The sentiment in the text is very strongly illustrated by the statements contained in Pringle's account of the present state of "the English settlers at the Cape of Good Hope." From that work, it appears that ninety thousand persons besieged Earl Bathurst's office, with applications to embark in the government expedition, to found the colony in question. The calamitous consequences are detailed in the work alluded to.

Note R. Page 58.

The constitution of the Mexican confederacy was adopted by the general constituent Congress Oct. 4. 1824, and may be found translated in the National Journal for Dec. 10 and 11th.

The Mexican confederacy consists of the following states and territories; the states of Chiapas, Chihuahua, Coahuila y Tejas, Durango, Gua najuato, Mexico, Michoacan, Nuevo Leon, Oajaca, Puebla de los Angeles, Queretaro, San Luis Potosi, Sonara y Sinaloa, Tabasco, Tamaulipas (?) Vera Cruz, Jalisco, Yucatan, and Zacatecas; the territories of upper and lower California, Colima, and Santa Fe of New Mexico. The character of Tlaxcala is to be fixed by a constitutional law.
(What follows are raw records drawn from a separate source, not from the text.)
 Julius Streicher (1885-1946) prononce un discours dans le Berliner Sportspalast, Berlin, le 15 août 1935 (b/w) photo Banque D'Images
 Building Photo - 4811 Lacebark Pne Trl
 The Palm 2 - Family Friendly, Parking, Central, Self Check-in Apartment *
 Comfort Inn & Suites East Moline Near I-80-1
It will be observed that the division into states and territories does not precisely correspond with the old division into intendencies.

Note S. Page 59.

"The following are a few of the subjects of the political essays of the Censor (a periodical paper published at Buenos Ayres) in 1817: an explanation of the Constitution of the United States, and highly praisedThe Lancastrian System of Education-on the causes of the prosperity of the United States-Milton's essay on the liberty of the press—A review of the work of the late President Adams, on the American Constitution, and a recommendation of checks and balances, continued through several numbers and abounding with much useful information for the people-brief notice of the life of James Monroe, president of the United States-examination of the federative system-on the trial by Jury— on popular elections-on the effect of enlightened productions on the condition of mankind-an analysis of the several state constitutions of the Union, &c.
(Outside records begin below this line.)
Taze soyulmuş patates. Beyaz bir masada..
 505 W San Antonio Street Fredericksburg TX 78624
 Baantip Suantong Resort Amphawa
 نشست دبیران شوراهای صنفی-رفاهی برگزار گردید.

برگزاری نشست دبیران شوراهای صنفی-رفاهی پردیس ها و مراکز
"There are in circulation, Spanish translations of many of our best revolutionary writings. The most common are two miscellaneous volumes, one, containing Paine's common sense and rights of man, and declaration of Independence, several of our constitutions, and General Washington's farewell address. The other is an abridged history of the United States down to the year 1810, with a good explanation of the nature of our political institutions, accompanied with a translation of Mr Jefferson's inaugural speech, and other state papers. I believe these have been read by nearly all who can read, and have produced a most extravagant admiration of the United States, at the same time, accompanied with something like despair."-Breckenridge's South America, Vol. II. pp. 213, 214.